Faced with the spectacle subsequently given by the world media as for the reformist purposes the movement pursued, the matter is therefore about recalling that the struggles initially started following and against the reforms opened some ten years earlier by Deng Xiao Ping, reforms which were greeted, all along their setting up, by the whole of the world bourgeoisie.

The fact that in Beijing the struggles engulfed themselves gradually in the thoughts of political reforms carried by the “students’ coordination” obviously and complementarily served the bourgeoisie to suddenly put forward the fact that Deng Xiao Ping’s reforms didn’t go far enough and give again a perspective of a “more radical” reform, a “political” one. The flag of the “political reform” served thus as standard to “make forget” that the origin of the movement was rooted in the opposition to the reforms, because this opposition concealed in itself the truth according to which no reform of the capitalist system will never improve the fate of the working class!!!

The death of Hu Yaobang, one of the CCP “reformists” who fell into disgrace, was then nothing but one pretext more to increase in scale the agitation that developed in Beijing and culminated in demonstrations of 100,000 people. It’s from this moment that China became to be under the glare of the international media spotlight, drawing attention on the responsibility and the will of pacific change of the “students”, hiding the movements that had taken place in the provinces and that were at the origin of the agitation against the reforms, transforming the local struggles against the reforms into a kill of “communism” and into a hymn to free enterprise and free market.
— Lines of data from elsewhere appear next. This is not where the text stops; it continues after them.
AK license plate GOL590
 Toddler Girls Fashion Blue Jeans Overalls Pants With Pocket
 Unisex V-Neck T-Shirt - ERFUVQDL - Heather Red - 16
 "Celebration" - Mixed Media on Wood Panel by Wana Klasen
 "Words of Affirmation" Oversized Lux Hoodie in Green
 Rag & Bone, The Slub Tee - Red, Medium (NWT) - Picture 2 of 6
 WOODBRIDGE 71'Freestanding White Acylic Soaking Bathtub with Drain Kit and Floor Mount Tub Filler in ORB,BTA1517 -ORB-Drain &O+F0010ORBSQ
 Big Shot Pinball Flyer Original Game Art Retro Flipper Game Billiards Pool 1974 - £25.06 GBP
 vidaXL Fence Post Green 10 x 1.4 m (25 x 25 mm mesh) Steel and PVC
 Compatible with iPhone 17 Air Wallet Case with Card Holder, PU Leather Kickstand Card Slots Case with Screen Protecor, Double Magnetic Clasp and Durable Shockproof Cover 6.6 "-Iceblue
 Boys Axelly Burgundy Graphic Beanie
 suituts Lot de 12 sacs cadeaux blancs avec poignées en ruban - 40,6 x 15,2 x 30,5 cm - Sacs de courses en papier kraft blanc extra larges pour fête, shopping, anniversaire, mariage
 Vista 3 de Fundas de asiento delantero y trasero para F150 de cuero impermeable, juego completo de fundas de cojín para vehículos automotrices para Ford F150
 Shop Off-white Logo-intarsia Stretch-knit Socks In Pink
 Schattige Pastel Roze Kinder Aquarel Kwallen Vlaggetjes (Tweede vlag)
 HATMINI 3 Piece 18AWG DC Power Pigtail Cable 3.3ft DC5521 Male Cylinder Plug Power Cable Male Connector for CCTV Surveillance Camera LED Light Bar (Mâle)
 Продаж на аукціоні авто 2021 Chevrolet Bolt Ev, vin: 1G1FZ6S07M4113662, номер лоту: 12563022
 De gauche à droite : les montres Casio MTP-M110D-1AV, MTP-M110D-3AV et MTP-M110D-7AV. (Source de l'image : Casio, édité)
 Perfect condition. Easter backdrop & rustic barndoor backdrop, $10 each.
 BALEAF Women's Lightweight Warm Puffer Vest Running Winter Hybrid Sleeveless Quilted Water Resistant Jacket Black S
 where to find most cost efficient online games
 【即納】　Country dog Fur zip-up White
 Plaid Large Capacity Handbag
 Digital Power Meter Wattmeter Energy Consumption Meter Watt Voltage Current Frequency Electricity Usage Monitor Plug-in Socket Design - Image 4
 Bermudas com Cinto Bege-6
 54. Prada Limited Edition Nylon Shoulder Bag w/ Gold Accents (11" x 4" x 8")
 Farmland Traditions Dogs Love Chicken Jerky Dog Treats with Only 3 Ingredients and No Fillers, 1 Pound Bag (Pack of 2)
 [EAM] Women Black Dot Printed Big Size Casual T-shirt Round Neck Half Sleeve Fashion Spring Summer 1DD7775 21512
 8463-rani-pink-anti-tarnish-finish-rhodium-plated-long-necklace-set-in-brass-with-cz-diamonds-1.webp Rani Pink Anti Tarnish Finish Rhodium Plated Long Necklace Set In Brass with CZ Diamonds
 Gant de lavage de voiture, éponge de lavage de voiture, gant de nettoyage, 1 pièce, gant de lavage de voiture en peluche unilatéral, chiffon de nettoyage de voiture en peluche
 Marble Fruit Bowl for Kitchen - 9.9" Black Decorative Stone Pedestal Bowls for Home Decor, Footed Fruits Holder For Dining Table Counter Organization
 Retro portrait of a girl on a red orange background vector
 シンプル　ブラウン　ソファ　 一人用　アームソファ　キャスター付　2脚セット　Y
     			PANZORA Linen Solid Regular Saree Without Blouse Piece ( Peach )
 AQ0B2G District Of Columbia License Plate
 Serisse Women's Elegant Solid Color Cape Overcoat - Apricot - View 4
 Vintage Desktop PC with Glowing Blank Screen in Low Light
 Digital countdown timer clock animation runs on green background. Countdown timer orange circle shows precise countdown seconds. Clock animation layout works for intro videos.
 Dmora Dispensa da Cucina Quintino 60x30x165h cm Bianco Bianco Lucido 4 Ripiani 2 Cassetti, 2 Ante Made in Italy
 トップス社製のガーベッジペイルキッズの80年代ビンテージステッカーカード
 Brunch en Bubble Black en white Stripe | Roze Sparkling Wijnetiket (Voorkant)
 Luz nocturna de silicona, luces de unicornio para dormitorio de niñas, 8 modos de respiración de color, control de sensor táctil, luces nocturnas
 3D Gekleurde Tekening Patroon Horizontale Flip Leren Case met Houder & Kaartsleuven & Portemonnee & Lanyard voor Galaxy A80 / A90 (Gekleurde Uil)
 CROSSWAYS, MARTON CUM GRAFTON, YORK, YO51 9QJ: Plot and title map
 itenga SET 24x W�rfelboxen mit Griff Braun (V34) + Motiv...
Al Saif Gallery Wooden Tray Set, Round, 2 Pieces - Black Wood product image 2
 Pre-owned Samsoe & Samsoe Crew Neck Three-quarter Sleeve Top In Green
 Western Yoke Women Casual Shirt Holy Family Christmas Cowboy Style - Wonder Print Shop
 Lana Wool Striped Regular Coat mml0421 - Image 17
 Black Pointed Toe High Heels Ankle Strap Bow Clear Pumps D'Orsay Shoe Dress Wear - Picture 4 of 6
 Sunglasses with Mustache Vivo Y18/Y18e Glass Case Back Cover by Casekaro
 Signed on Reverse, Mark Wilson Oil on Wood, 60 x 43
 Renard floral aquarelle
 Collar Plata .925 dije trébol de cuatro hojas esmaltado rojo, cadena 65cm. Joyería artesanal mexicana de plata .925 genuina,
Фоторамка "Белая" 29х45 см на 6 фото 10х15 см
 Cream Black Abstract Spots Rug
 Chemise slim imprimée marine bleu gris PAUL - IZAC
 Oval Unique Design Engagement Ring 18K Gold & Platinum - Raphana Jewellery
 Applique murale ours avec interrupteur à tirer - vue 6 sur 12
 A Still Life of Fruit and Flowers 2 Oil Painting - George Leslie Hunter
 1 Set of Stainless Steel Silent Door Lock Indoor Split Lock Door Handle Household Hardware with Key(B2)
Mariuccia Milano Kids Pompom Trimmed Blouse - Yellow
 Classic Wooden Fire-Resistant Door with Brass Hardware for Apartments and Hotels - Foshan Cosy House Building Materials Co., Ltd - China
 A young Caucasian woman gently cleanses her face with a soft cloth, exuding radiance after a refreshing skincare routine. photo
April 27th a big demonstration took place: nearly 400,000 people marched while shouting… “Long live the communist party”!!! What a terrible illusion to believe that it’s possible to confront the state in China while finding the support of its structures. All along the struggles in Beijing, the proletarians deluded themselves with democratic watchwords issued by the members of the “students’ coordination” who quickly became to be candidates for governing. This is how in Shanghai 6,000 students of the university of Fudan brought to the local authorities a petition for democracy.

As we emphasized above, the media continuously exemplified the expression of this real submission of the proletarians to the democratic watchwords and never gave publicity to the violent attacks of proletarians, students groups and others, against the party and state buildings in big cities like Shanghai, etc.

May 8th, the ten thousands students of Beijing started the strike again. The students’ representatives group for dialogue, newly constituted, launched to the power a new call to negotiation.

May 15th, Mikhail Gorbachev arrived in China. World symbol of democratisation, ideal personification of economic, social and political adjustment of the capitalist system, Gorbachev came to greet the reforms started by Deng Xiao Ping. It’s nothing but the meeting of two accomplices who both of them took since a certain time the necessary measures for the modernization of exploitation, only fearing in return an angry response from a proletariat put under pressure from all sides. Even such a so big symbol like Gorbachev didn’t have anything to teach to the representative of the bourgeois state in China because this one already demonstrated practically since several years his big capacity to reform the anomalies or the deviations of a productive system, which was behind the world necessities for increasing its profit.

On this occasion the Chinese government announced the opening towards what he revelled in calling the “students’ protest”. The Prime Minister Li Peng acknowledged that the students have the right to demonstrate and the leader of the Party, Zhao Ziyang, asked the hunger striking students to stop their movement, promising in exchange that the government won’t take any retaliatory measure against the students and that it will set up “concrete measures likely to promote democracy and the law, and to fight against corruption”.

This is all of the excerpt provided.